The Great Goblin gave a truly awful howl of rage when he looked at it, and all his soldiers gnashed their teeth, clashed their shields, and stamped. They knew the sword at once. It had killed hundreds of goblins in its time, when the fair elves of Gondolin hunted them in the hills or did battle before their walls. They had called it Orcrist, Goblin-cleaver, but the goblins called it simply Biter. They hated it and hated worse any one that carried it.
"Murderers and elf-friends!" the Great Goblin shouted. "Slash them! Beat them! Bite them! Gnash them! Take them away to dark holes full of snakes, and never let them see the light again!" He was in such a rage that he jumped off his seat and himself rushed at Thorin with his mouth open.
Just at that moment all the lights in the cavern went out, and the great fire went off poof! into a tower of blue glowing smoke, right up to the roof, that scattered piercing white sparks all among the goblins.
The goblins were frightened beyond description. Suddenly a sword flashed in its own light. It went right through the Great Goblin and he fell dead. The goblin soldiers fled before the sword shrieking into the darkness.
The sword went back into its sheath. "Follow me quick!" said a voice fierce and quiet; and before Dawn understood what had happened she was trotting along again at the end of the line, down more dark passages with the yells of the goblin-hall growing fainter behind her.
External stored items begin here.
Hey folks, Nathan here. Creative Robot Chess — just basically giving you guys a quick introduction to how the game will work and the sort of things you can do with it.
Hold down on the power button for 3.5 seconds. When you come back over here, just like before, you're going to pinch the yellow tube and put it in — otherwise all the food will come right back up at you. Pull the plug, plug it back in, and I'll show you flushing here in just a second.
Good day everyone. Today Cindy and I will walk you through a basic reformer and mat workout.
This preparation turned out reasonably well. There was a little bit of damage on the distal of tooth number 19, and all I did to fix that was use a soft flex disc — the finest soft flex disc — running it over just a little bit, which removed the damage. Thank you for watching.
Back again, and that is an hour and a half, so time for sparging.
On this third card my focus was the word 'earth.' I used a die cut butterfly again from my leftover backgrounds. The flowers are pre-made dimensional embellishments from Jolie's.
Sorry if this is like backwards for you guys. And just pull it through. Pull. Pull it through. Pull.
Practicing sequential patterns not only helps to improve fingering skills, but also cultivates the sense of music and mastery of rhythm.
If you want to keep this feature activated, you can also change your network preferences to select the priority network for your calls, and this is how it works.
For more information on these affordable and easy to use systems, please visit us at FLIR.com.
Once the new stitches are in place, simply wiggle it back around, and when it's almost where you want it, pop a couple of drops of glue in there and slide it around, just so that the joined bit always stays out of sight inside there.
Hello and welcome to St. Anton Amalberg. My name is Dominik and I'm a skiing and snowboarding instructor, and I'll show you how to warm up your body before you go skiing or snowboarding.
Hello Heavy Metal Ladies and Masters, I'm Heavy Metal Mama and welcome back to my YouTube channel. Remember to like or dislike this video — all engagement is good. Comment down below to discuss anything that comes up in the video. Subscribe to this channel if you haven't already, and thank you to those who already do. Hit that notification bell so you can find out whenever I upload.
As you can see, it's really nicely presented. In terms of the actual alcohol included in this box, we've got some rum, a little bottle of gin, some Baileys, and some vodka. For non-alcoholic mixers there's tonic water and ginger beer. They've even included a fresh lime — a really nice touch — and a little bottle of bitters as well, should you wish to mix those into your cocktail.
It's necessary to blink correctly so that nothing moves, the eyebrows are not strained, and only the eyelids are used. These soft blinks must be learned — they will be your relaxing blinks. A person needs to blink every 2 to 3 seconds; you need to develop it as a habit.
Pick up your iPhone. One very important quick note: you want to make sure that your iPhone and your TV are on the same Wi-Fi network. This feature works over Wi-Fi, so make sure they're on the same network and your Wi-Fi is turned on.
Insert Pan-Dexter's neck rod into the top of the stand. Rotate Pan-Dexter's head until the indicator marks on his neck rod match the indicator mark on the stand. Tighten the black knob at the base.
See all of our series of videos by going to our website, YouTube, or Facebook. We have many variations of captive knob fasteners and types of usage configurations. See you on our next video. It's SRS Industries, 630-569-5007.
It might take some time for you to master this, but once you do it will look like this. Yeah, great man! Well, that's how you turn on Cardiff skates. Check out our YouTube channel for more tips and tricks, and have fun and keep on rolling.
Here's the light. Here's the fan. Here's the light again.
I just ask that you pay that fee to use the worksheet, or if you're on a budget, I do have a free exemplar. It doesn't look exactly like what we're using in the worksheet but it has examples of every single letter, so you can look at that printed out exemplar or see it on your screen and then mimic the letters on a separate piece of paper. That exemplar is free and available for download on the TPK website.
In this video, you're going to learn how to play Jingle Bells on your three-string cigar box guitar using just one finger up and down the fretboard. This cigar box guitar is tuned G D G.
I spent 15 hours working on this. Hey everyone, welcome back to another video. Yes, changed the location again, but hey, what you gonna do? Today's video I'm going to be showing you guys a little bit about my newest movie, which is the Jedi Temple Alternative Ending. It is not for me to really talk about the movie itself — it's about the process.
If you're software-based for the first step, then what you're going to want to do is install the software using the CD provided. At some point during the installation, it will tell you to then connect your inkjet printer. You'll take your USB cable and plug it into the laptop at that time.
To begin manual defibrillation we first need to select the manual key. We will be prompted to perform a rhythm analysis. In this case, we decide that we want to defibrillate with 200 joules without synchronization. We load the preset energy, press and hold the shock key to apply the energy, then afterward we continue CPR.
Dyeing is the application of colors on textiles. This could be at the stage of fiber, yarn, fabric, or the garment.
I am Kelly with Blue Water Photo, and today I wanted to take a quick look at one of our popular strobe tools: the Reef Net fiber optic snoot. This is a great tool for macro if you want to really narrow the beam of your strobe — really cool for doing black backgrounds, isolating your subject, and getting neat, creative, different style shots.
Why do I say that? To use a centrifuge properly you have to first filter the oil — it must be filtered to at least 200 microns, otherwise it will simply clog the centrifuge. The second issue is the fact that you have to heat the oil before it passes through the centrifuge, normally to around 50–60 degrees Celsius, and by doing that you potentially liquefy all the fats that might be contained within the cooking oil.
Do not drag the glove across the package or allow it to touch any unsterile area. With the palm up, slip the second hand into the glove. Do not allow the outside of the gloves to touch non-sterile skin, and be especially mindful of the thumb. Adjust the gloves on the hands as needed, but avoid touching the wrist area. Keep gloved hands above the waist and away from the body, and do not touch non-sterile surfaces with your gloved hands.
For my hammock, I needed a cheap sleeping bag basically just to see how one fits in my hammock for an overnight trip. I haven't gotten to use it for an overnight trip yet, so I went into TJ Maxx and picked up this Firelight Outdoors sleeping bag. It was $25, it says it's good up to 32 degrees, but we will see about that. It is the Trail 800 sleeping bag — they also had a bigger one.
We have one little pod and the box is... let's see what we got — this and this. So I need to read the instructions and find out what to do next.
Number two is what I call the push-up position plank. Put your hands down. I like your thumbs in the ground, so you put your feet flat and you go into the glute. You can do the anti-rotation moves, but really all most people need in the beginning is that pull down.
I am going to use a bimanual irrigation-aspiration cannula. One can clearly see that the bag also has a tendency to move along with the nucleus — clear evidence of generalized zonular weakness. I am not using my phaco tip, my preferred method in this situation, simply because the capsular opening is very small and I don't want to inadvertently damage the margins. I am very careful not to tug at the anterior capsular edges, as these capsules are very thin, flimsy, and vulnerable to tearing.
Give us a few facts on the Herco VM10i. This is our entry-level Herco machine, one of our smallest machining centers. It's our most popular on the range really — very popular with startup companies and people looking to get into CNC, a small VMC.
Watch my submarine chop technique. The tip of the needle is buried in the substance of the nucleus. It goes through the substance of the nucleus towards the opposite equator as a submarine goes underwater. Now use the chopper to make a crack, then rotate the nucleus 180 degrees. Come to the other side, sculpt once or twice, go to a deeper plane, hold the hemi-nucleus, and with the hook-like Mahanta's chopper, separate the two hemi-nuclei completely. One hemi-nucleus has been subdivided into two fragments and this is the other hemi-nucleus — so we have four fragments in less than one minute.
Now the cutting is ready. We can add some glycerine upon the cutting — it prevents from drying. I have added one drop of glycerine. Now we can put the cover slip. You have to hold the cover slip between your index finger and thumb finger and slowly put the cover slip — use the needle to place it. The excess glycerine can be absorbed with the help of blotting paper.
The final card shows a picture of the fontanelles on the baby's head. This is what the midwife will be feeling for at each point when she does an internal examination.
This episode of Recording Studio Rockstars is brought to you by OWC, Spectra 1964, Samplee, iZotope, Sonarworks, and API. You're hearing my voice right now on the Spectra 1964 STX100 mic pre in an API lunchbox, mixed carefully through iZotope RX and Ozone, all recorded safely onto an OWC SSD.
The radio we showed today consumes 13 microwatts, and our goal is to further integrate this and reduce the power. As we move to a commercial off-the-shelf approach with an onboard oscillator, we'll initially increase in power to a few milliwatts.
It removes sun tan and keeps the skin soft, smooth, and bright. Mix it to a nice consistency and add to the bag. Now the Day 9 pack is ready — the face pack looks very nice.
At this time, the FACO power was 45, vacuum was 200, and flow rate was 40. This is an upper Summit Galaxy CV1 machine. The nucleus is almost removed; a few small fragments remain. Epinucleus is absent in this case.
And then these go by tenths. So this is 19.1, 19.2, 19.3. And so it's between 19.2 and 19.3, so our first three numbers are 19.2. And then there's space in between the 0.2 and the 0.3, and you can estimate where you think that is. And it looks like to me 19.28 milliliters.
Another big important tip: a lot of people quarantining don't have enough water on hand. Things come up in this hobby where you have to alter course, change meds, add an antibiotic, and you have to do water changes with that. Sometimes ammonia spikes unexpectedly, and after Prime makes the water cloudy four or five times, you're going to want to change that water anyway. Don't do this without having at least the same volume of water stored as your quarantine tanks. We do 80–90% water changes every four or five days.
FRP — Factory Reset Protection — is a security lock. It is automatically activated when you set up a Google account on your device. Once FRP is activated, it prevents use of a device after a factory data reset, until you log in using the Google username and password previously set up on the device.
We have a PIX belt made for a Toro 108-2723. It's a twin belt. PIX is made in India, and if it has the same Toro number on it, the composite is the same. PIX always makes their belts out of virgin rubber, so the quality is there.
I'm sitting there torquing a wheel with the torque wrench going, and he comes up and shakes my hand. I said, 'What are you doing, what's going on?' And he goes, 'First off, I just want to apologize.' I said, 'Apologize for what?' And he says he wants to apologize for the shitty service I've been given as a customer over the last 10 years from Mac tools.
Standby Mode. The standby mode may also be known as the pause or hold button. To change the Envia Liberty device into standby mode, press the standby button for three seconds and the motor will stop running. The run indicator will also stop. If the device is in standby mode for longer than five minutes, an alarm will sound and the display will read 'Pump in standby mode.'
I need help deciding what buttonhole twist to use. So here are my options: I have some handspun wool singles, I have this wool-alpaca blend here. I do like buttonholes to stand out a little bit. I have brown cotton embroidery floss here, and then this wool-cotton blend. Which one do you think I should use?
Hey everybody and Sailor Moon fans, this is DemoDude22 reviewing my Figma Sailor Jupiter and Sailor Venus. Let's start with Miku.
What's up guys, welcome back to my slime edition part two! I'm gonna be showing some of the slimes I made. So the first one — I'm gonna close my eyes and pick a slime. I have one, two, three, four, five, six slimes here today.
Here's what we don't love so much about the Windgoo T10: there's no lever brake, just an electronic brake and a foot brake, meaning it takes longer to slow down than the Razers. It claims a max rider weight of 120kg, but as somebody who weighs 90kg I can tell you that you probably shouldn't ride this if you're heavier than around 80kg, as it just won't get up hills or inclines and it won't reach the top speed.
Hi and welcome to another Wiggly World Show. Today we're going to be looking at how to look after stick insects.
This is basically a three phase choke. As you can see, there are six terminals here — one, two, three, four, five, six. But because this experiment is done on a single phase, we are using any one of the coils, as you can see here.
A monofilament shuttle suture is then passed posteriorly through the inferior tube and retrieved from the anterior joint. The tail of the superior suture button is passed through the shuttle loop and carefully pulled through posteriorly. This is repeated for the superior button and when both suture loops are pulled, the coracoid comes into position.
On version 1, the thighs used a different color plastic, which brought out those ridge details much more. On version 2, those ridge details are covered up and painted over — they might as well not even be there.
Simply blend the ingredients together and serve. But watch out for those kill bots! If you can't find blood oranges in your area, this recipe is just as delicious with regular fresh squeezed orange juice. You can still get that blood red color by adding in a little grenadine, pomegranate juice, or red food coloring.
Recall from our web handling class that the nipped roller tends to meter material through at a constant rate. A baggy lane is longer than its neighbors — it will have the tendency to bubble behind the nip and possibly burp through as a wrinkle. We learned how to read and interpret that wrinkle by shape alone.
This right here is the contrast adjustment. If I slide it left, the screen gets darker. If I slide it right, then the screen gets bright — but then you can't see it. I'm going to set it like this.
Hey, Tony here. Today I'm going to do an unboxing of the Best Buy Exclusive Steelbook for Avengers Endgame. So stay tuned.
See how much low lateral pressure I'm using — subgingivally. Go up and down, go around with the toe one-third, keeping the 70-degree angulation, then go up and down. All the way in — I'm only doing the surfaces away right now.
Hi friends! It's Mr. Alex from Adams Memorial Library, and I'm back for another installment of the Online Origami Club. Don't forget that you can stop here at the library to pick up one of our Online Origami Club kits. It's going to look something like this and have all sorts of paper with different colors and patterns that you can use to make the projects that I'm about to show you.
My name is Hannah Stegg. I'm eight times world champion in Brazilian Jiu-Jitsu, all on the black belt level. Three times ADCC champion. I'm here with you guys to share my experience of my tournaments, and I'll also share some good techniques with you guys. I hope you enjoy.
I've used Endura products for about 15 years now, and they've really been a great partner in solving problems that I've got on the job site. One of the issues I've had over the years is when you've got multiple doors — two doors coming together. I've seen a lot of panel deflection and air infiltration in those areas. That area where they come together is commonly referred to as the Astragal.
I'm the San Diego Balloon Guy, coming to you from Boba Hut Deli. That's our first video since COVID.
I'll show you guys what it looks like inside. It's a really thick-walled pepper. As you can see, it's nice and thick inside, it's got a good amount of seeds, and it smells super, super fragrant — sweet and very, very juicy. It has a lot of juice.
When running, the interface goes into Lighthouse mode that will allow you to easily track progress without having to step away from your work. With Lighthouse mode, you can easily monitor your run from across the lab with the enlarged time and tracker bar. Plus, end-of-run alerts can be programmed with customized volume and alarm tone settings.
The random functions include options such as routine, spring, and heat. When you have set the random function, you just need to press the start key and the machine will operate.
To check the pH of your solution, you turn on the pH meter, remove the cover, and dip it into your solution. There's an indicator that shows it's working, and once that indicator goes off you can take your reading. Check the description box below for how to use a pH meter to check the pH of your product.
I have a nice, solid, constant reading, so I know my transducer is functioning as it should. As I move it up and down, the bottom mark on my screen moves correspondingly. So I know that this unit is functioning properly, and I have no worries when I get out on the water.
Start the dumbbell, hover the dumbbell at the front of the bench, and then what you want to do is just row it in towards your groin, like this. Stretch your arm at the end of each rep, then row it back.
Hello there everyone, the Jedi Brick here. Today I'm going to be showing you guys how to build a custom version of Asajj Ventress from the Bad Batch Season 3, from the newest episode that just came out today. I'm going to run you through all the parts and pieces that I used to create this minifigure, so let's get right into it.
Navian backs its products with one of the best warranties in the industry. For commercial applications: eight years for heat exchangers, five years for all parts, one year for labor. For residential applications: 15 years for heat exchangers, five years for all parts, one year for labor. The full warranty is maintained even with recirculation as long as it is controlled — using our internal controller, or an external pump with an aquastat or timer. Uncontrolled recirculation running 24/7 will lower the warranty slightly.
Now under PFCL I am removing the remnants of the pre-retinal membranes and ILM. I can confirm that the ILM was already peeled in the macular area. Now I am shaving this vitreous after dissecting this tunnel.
A pale light was leading them on.
"Quicker, quicker!" said the voice. "The torches will soon be relit."
Then Gandalf lit up his wand. Of course it was Gandalf; but just then they were too busy to ask how he got there.
"Are we all here?" said Gandalf, handing Thorin and Dawn's swords back to them. "Let me see: oneāthat's Thorin; two, three, four, five, six, seven, eight, nine, ten, eleven; where are Fili and Kili? Here they are! twelve, thirteen and of course Miss Dawn makes fourteen!" None of the dwarves knew of Dawn's elvish parentage. She had asked Gandalf and Elrond not to tell them as she wanted that task herself. "Well, well! It might be worse, and then again it might be a good deal better. No ponies, and no food, and no knowing quite where we are, and hordes of angry goblins just behind! On we go!"
On they went. They began to hear goblin noises and horrible cries far behind in the passages they had come through. Soon they could hear even the flap of the goblin feet, many many feet which seemed only just round the last corner. The blink of red torches could be seen behind them in the tunnel they were following; and they were getting deadly tired.
At this point Gandalf fell behind, and Thorin and Dawn with him. They turned a sharp corner. "About turn!" he shouted. "Draw your swords, Dawn! Thorin!"
There was nothing else to be done; and the goblins did not like it. They came scurrying round the corner in full cry, and found the three elvish blades cold and bright right in their astonished eyes. The ones in front dropped their torches and gave one yell before they were killed. The ones behind yelled still more, and leaped back knocking over those that were running after them.
With that the dwarves, Gandalf and Dawn turned and ran on through the tunnels yet again.
Soon the goblins overcame their fear and came at them again, this time much more silently than they had done the first time.
Dawn was quite suddenly grabbed from behind in the dark. She shouted and fell and rolled into the blackness, bumped her head on hard rock, and remembered nothing more.